YOUR GOAL:
Needed from the data below: every line from the one with "Onyx 'One Heart'" up to and including the one with "Conjunto contorno algodón gris", repeated exactly and with nothing else.

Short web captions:

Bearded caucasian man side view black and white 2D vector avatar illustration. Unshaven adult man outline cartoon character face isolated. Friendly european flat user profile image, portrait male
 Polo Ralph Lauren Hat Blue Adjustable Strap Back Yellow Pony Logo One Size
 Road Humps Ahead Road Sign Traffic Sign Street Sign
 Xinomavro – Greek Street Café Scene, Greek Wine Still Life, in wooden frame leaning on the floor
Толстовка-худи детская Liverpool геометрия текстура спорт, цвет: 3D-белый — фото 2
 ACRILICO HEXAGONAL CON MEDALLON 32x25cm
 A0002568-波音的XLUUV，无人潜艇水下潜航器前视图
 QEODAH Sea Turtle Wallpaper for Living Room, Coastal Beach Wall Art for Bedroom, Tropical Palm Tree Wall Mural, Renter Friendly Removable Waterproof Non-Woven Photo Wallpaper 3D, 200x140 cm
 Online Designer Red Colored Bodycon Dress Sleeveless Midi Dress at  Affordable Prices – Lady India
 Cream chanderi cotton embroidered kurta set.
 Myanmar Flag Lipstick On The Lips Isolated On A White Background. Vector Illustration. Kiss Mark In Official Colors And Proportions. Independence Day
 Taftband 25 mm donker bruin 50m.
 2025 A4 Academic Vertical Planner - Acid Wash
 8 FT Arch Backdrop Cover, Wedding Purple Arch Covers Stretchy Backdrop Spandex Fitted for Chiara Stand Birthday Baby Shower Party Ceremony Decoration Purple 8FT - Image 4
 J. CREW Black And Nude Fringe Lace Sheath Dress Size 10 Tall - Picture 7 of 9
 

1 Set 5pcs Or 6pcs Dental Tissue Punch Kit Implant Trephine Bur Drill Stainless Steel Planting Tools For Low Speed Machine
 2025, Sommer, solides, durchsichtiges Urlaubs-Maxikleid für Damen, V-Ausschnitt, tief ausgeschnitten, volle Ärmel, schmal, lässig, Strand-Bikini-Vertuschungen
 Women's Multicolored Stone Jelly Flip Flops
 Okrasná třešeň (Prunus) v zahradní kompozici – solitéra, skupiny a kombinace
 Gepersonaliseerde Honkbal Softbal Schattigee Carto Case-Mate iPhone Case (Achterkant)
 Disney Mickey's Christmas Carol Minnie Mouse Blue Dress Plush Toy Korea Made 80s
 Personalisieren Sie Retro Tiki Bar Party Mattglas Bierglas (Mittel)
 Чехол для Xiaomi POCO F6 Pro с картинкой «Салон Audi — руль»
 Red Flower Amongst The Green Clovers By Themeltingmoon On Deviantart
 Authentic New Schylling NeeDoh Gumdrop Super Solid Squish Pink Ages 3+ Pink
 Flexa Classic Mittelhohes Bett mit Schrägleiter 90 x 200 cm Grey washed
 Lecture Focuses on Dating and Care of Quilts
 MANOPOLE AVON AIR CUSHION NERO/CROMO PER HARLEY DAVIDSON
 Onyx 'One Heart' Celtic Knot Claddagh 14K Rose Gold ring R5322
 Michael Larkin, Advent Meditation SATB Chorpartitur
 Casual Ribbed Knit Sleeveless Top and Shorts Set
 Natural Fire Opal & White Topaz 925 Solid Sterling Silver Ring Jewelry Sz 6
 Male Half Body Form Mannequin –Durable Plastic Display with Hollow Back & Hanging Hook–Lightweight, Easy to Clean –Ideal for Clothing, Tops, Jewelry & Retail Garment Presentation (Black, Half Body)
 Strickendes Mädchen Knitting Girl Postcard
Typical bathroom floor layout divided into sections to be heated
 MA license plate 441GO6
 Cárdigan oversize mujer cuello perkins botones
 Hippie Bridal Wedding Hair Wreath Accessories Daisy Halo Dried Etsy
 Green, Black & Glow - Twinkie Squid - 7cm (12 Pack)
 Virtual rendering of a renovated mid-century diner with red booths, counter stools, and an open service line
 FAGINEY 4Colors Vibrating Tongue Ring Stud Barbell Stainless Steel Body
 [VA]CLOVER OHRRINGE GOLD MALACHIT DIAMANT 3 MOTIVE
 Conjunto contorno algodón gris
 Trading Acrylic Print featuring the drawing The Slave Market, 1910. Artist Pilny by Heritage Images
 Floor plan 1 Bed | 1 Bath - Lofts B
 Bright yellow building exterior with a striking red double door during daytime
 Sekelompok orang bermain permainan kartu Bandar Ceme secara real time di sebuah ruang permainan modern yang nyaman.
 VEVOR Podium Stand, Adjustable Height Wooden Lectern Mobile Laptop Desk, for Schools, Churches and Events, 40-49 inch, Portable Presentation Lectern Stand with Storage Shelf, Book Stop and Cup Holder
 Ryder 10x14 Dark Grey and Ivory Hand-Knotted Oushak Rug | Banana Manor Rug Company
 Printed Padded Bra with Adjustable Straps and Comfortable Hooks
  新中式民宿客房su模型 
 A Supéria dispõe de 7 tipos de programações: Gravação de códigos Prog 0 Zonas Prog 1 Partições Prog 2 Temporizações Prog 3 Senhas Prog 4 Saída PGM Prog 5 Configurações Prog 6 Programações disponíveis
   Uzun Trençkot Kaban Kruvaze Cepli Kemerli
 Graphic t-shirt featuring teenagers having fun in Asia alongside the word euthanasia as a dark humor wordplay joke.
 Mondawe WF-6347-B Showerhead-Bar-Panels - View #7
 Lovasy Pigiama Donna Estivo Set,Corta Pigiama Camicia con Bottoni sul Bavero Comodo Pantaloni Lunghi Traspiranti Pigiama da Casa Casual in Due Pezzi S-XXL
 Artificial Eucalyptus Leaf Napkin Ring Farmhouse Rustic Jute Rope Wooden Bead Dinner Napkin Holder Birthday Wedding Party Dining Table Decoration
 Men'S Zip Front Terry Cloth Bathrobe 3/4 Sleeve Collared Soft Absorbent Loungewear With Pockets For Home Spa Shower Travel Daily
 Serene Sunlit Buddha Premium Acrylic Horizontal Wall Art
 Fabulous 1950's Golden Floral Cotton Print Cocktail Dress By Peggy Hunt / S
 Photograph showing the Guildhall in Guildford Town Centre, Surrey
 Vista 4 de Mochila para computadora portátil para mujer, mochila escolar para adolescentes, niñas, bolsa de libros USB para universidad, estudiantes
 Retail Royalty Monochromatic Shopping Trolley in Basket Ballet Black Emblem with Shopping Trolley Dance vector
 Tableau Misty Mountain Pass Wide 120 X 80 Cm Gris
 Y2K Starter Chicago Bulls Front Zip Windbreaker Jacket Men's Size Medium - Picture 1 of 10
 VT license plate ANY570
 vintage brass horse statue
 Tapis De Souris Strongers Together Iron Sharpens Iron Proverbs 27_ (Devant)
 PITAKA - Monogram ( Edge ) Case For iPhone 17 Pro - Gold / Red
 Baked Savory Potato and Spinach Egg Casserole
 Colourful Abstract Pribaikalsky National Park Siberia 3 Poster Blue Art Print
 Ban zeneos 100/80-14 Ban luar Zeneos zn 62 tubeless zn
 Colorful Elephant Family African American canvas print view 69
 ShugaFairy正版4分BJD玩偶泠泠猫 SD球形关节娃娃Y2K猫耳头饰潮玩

TASK RESPONSE:
 Onyx 'One Heart' Celtic Knot Claddagh 14K Rose Gold ring R5322
 Michael Larkin, Advent Meditation SATB Chorpartitur
 Casual Ribbed Knit Sleeveless Top and Shorts Set
 Natural Fire Opal & White Topaz 925 Solid Sterling Silver Ring Jewelry Sz 6
 Male Half Body Form Mannequin –Durable Plastic Display with Hollow Back & Hanging Hook–Lightweight, Easy to Clean –Ideal for Clothing, Tops, Jewelry & Retail Garment Presentation (Black, Half Body)
 Strickendes Mädchen Knitting Girl Postcard
Typical bathroom floor layout divided into sections to be heated
 MA license plate 441GO6
 Cárdigan oversize mujer cuello perkins botones
 Hippie Bridal Wedding Hair Wreath Accessories Daisy Halo Dried Etsy
 Green, Black & Glow - Twinkie Squid - 7cm (12 Pack)
 Virtual rendering of a renovated mid-century diner with red booths, counter stools, and an open service line
 FAGINEY 4Colors Vibrating Tongue Ring Stud Barbell Stainless Steel Body
 [VA]CLOVER OHRRINGE GOLD MALACHIT DIAMANT 3 MOTIVE
 Conjunto contorno algodón gris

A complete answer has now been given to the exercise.